Quando si pone seriamente la domanda su che cosa esprima il senso storico del nostro tempo, vengono in mente tantissime originalità rispetto al passato, anche più recente: la caduta delle grandi ideologie, la fine della supremazia mondiale dell’occidente, la crisi economica globale, eccetera.
Non si è indotti a pensare, però, che l’energia contemporanea stia nella crescita di importanza politica che ha acquisito una particolare manifestazione dello spirito umano, forse la più distinta e incisiva: il “desiderio del sacro”. La religione, in effetti, era ritenuta dalle prime grandi teorie sociali del XIX secolo un residuo, un feticcio idolatrico, riscosso in eredità dal naturalismo degli albori e destinato ad essere superato dal progresso della scienza e dalla tecnica, ossia dalla nuova mentalità e cultura positivista.
È sufficiente scorrere anche solo i sommari dei più importanti scritti di Auguste Comte e di Emile Durkheim per poter constatare senza difficoltà quanto questa previsione tardo-illuminista fosse ritenuta vera e data per scontata.
Le religioni, per contro, oggi non solo non sono scomparse, ma sono tornate alla ribalta.
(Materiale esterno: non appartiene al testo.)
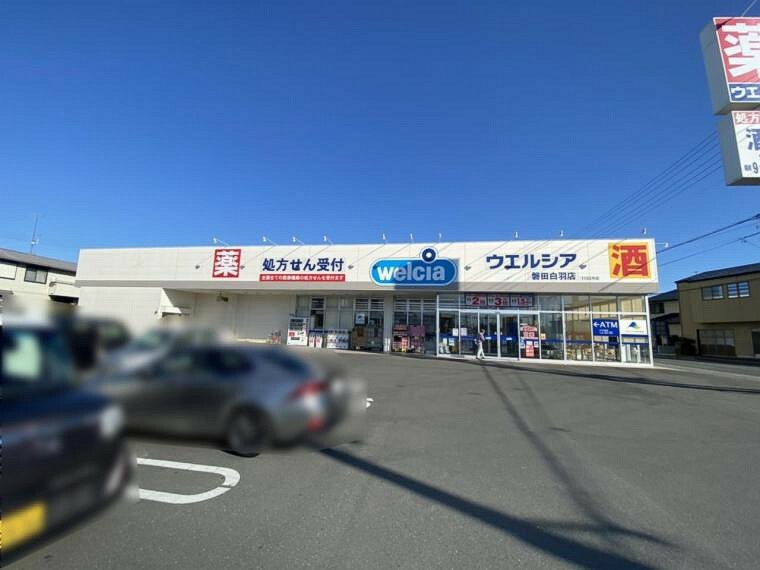 ドラッグストア ウエルシア磐田白羽店 （調剤薬局）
E questa è, tra le tante rivoluzioni liquide, la più sensazionale e appariscente. In pochi anni, grazie ai processi migratori e alla perdita dei tradizionali confini etnici e nazionali, tutti hanno potuto vedere che le pratiche di culto sono in espansione perché profondamente radicate nell’umanità, spostandosi ovunque e convivendo tra loro.
L’idea, perciò, di fondare la tolleranza sull’estromissione della fede dalla vita pubblica e sul disconoscimento del diritto individuale a rapportarsi positivamente o negativamente con l’eterno è impossibile e sbagliata. Il risultato di tale sottrazione è, infatti, il dilagare dell’intolleranza e della violenza sulle minoranze religiose, perseguitate, secondo i casi, perché cristiane, musulmane o ebree.
La presenza dell’islam in Europa, alla fine, deve essere collocata e gestita in questo contesto post-moderno con la consapevolezza che mettere in democrazia nuove popolazioni è possibile unicamente rendendo reale la convivenza tra il loro credo e una cittadinanza responsabile.
D’altronde, niente è facile e niente è impossibile in politica. E se uno Stato civile non può essere confessionale senza perdere il principio costitutivo della sua laicità, è altrettanto vero che le leggi e le regole sociali devono essere abbastanza illuminate da riconoscere nel “rapporto con Dio” l’essenza stessa della libertà di coscienza e della tutela della dignità di ogni persona. È una questione di felicità, non di fede. Infatti, come diceva Ludwig Feuerbach, “la rappresentazione della divinità giunge fin dove arriva l’aspirazione di qualcuno alla beatitudine”.